Using Solr and Hadoop in a cluster

This documentation corresponds to an earlier product version. Make sure this document corresponds to your version.

Latest DSE documentation | Earlier DSE documentation

A common question is how to use real-time (Cassandra), analytics (Hadoop), or search (Solr) nodes in the same cluster. To mix workloads in a cluster, you need to segregate the real-time, analytics, or search nodes into separate data centers.


Within the same data center, attempting to run Solr on some nodes and real-time queries or analytics on other nodes does not work.

Do not run Solr and Hadoop on the same node in either production or development environments.

A DSE data center (DC) can be physical or virtual. In this diagram, nodes in data centers 1 and 2 (DC 1 and DC 2) run a mix of:

  • Real-time queries (Cassandra and no other services)
  • Analytics (Cassandra and Hadoop)

Data centers 3 and 4 (DC 3 and DC 4) are dedicated to search.


Using separate data centers for different types of nodes, you can make some of your DSE nodes handle search while others handle MapReduce, or just act as ordinary Cassandra nodes. Cassandra ingests the data, Solr indexes the data, and you run MapReduce against that data, all in one cluster without having to do any manual extract, transform, and load (ETL) operations. Cassandra handles the replication and isolation of resources.

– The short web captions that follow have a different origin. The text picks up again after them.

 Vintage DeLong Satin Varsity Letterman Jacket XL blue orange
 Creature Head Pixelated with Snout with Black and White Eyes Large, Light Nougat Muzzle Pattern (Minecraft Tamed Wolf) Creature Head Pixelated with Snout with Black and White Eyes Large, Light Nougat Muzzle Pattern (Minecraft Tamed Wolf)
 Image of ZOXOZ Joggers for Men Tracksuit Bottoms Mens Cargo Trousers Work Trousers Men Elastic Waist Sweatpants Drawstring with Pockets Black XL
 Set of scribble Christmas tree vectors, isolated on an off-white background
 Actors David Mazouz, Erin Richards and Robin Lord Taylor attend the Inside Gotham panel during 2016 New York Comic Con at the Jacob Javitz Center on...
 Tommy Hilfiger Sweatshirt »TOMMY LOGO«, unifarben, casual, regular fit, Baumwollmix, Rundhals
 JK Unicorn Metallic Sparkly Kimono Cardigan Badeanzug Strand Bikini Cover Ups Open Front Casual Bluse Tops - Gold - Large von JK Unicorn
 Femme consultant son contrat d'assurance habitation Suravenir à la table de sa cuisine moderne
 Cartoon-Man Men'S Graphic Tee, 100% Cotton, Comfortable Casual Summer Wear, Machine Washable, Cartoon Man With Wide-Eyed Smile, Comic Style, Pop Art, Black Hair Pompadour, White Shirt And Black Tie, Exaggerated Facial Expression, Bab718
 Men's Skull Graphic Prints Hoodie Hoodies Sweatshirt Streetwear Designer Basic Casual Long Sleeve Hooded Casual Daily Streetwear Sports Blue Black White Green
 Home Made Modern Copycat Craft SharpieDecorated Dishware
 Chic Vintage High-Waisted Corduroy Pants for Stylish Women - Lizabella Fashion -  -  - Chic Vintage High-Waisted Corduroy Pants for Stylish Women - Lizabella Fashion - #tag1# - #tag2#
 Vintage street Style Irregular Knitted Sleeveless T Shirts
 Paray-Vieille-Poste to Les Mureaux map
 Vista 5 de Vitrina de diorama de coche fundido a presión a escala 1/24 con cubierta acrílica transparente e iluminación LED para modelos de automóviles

The Solr nodes run HTTP and hold the indexes for the column family data. If a Solr node goes down, the commit log replays the Cassandra inserts, which correspond to Solr inserts, and the node is restored automatically.

Deploying multiple data centers

To set up a mixed workload cluster, which is a cluster that has more than one data center to accommodate different types of nodes, see Multiple Data Center Deployment.

Replicating data across data centers

You set up replication for Solr nodes exactly as you do for other nodes in a Cassandra cluster, by creating or altering a keyspace to define the replication strategy.

You can use the pre-release CQL 3 CREATE KEYSPACE and ALTER KEYSPACE statements to set up replication.